On the roads and in the fields, the people listening in on this party-line all relaxed slightly. He won't be able to get to the ship.
Is he still in the shed?
Yes.
Newt turned his puzzled, troubled face to Dick.
What the fuck's he doing in there? Does he have something making something? Something to hurt the ship?
There was a pause; and then Dick's voice, not just to Newt Berringer but to all the Shed People, clear and imperative:
NET YOUR MINDS. NET YOUR MINDS WITH OURS. ALL WHO CAN NET YOUR MINDS WITH OURS AND LISTEN. LISTEN FOR GARDENER. LISTEN.
They listened. In the hot summer silence of the early afternoon, they listened. Two or three ridges over, the first smudges of smoke rose into the sky.
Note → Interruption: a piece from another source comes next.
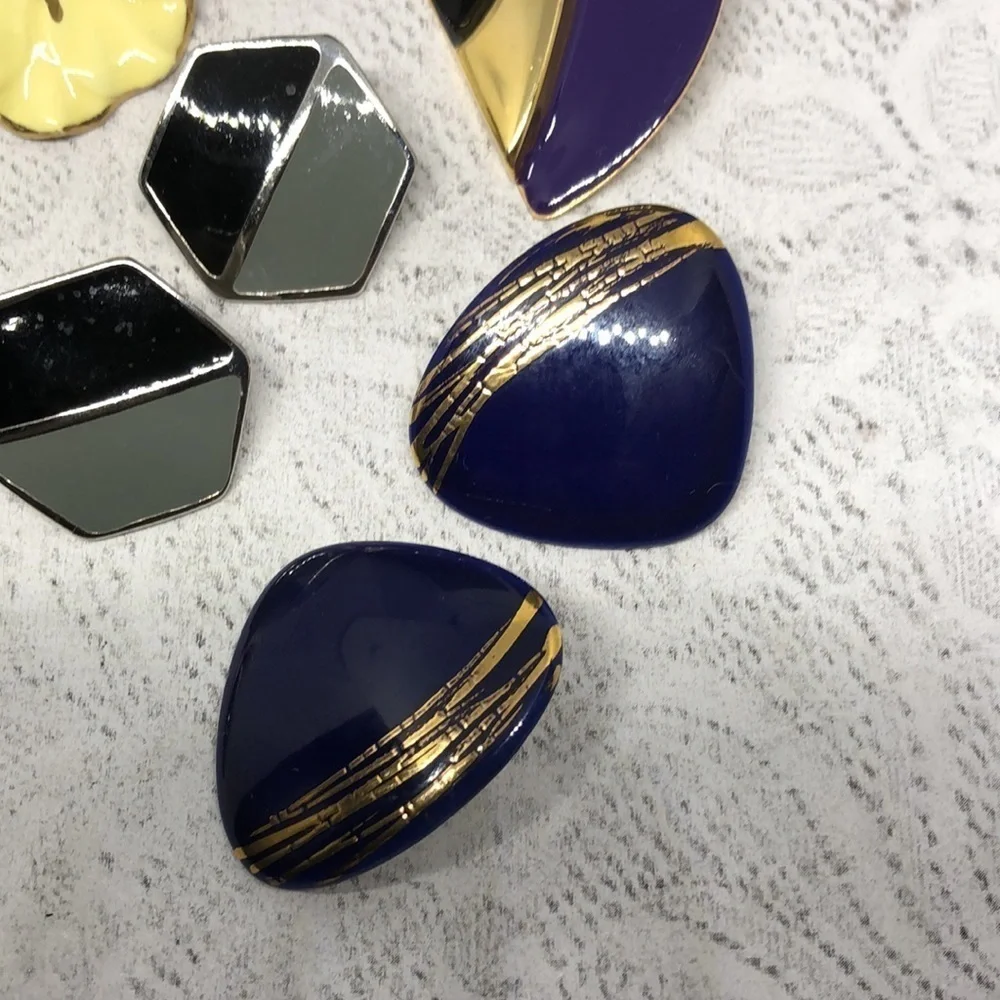 BUNDLE lot 5 vintage enamel earrings statement flower + geometric modernist.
Gardener felt them listening. There was a horrid crawling sensation over the surfaces of his brain. It was ridiculous, but it was happening. He thought: Now I know how a streetlight must feel with a lot of moths fluttering around it.
The old man moved in his tank, trying to catch Gardener's eye. He missed his eye but caught his mind. Gardener looked up.
Never mind, son-they want to know what you're up to, but forget them. Won't hurt if they find out. Might even help. Slow “em down. Relieve their minds. They don't care about David, only about their goddam ship. Go on, son! Go on!